A sessão Cine Privé estreou nos anos 1990 e rapidamente se tornou um fenômeno de audiência e curiosidade no Brasil. Para muita gente, era a única maneira “acessível” de assistir a conteúdos eróticos sem precisar enfrentar a vergonha da locadora ou gastar dinheiro comprando revistas e fitas VHS escondido. O Cine Privé era um programa que muita gente dizia não assistir, mas sabia exatamente qual filme tinha passado. Entre os maiores símbolos da sessão, estavam os filmes da personagem Emmanuelle, protagonizados inicialmente pela atriz Sylvia Kristel (1952-2012). As produções misturavam erotismo, romance e uma estética mais sofisticada para a época, muito diferente do pornô explícito que se popularizou na web.
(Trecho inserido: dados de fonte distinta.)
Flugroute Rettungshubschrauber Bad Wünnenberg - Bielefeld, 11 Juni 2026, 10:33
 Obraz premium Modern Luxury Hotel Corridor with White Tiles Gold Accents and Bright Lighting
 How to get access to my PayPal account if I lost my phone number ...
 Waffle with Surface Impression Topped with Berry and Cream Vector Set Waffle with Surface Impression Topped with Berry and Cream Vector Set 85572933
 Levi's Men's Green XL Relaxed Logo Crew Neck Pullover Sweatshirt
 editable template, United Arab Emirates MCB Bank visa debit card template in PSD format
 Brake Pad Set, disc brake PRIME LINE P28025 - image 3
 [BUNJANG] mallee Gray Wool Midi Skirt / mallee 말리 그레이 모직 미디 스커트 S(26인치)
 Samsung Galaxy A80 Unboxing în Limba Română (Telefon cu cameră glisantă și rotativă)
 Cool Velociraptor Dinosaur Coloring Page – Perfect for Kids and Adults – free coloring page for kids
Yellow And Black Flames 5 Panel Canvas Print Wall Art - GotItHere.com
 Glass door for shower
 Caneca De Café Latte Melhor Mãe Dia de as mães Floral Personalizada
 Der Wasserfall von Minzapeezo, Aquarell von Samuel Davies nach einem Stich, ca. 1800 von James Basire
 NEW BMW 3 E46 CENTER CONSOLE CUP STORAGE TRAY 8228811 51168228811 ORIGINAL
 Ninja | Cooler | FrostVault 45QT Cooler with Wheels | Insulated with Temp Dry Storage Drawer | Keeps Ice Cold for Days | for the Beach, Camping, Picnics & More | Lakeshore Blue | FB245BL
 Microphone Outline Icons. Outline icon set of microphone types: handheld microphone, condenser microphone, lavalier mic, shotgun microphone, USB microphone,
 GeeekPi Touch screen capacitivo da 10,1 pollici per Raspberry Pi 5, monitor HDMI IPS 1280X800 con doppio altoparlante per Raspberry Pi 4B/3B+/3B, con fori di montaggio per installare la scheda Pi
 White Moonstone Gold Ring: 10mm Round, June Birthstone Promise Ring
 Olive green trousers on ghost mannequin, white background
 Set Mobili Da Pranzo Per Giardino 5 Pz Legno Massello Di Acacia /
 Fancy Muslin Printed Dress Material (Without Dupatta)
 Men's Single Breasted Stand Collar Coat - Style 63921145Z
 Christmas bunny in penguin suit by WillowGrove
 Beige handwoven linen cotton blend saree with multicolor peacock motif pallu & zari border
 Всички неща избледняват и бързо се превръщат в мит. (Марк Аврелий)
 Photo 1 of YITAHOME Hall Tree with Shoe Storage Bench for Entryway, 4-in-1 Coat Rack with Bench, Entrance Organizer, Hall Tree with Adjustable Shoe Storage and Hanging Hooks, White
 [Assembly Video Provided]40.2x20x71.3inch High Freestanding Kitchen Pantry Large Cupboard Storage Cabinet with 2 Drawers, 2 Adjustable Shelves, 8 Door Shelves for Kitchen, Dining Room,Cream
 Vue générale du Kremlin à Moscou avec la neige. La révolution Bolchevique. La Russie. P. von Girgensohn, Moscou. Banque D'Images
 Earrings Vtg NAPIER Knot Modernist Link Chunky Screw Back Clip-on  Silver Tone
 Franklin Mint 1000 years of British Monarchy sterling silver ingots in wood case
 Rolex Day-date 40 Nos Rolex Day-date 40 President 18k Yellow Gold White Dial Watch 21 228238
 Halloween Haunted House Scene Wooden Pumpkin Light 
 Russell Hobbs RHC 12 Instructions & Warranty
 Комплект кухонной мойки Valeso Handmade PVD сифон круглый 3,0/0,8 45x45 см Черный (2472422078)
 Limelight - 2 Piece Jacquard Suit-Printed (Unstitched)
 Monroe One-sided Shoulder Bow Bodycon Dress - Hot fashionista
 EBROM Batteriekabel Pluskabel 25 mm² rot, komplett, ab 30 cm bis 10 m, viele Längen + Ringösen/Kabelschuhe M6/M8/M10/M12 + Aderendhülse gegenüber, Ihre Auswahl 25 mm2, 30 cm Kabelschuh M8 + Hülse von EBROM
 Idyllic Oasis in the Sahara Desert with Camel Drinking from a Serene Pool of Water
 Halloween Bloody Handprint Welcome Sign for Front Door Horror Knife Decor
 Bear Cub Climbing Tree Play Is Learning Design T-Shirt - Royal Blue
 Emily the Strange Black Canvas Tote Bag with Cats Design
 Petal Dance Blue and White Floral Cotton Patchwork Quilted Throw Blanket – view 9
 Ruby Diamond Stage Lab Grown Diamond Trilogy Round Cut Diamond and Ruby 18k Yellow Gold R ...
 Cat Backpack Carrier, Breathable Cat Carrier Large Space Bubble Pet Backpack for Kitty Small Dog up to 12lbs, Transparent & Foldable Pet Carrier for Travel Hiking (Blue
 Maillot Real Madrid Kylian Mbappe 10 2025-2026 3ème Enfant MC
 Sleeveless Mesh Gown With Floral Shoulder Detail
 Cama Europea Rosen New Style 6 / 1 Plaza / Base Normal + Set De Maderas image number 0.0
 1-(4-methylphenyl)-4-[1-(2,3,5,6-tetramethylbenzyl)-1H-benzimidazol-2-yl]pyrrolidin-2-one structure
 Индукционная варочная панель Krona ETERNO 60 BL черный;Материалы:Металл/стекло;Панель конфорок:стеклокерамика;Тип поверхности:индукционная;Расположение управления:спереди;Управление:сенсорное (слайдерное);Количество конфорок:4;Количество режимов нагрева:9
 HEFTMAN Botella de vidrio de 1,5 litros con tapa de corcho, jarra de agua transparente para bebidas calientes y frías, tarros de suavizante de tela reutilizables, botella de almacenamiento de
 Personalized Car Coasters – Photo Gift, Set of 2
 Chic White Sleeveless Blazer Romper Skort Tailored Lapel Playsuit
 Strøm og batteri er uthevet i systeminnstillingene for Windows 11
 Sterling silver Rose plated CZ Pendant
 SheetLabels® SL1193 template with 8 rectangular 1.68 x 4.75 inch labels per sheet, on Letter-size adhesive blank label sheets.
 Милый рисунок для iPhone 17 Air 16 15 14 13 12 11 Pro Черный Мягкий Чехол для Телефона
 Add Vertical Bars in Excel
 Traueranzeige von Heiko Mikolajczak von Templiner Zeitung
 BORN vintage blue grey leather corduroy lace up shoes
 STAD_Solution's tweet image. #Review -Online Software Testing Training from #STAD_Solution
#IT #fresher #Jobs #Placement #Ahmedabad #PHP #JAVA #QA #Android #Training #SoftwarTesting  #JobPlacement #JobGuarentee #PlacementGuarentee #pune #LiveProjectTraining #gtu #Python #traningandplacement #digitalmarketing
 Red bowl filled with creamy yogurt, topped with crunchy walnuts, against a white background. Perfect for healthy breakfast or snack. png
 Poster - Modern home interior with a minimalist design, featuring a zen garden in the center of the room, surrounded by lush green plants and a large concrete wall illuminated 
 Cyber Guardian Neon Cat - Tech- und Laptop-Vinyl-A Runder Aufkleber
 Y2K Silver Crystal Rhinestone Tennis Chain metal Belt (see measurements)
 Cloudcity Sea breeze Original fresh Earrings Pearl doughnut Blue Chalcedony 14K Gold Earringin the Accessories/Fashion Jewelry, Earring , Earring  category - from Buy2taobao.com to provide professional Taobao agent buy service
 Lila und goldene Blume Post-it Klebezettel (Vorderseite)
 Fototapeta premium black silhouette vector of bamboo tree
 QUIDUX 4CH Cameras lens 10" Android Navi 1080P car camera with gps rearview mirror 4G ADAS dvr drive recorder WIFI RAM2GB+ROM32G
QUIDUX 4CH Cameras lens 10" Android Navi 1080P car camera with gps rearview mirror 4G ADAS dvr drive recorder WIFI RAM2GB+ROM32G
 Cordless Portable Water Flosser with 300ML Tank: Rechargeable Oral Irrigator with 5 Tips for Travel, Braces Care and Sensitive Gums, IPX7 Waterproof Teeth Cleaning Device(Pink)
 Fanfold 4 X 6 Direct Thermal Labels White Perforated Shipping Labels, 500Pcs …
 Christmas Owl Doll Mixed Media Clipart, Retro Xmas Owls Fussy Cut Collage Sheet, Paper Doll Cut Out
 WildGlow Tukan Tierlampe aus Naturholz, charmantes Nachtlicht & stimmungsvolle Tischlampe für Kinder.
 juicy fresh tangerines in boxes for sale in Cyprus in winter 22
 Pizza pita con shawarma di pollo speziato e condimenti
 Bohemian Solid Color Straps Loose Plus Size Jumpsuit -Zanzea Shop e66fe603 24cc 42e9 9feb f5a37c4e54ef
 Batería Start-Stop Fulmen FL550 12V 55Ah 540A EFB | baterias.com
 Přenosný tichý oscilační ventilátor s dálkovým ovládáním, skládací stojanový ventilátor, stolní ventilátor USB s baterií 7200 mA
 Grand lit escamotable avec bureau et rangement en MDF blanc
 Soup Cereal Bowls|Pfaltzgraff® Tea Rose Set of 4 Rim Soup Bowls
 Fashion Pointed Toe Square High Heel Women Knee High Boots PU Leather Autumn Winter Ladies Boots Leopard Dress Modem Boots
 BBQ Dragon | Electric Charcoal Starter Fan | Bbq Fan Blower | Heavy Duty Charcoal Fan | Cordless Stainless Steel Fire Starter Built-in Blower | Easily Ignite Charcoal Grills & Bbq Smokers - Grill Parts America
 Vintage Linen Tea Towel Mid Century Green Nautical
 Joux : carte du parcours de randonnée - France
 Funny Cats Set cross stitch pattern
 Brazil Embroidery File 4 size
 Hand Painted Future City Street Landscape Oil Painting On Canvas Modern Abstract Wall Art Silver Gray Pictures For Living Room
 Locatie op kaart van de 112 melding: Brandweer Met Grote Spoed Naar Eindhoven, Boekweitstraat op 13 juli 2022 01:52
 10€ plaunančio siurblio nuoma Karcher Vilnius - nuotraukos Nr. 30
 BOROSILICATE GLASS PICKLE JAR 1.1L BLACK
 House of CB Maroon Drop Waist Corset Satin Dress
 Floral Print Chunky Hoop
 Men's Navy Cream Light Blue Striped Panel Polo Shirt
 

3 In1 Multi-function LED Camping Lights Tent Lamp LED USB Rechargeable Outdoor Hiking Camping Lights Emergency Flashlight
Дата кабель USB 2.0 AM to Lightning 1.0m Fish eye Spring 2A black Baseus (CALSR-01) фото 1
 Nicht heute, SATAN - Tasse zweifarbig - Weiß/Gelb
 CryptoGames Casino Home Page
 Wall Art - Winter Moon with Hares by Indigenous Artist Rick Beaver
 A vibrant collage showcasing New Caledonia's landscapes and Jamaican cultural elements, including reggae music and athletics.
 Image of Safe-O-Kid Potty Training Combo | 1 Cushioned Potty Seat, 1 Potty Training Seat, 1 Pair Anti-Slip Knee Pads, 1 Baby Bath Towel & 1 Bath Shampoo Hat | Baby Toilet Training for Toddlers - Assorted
Os filmes exibidos no Cine Privé geralmente apresentam uma direção que busca explorar temas como o amor e a paixão, com uma abordagem mais artística e menos explícita do que o conteúdo adulto encontrado na internet. O elenco é frequentemente composto por atores e atrizes que se especializam em papéis eróticos, enquanto o roteiro busca criar uma atmosfera sensual e emocional. A fotografia também é um aspecto importante, com uma estética que valoriza a beleza e a sensualidade. Sem dúvida, o Cine Privé é uma sessão que continua a atrair um público considerável, mesmo em uma era de mudanças nos hábitos de consumo de conteúdo adulto.
É curioso notar que, apesar da concorrência de plataformas de conteúdo adulto, o Cine Privé ainda mantém uma audiência fiel. A versão mais recente de Emmanuelle, lançada em 2024, é um exemplo de como a franquia continua a ser relevante, mesmo após décadas de sua estreia. Enquanto o público continuar a se interessar por conteúdo erótico e romântico, é provável que o Cine Privé continue a ser uma atração na TV aberta.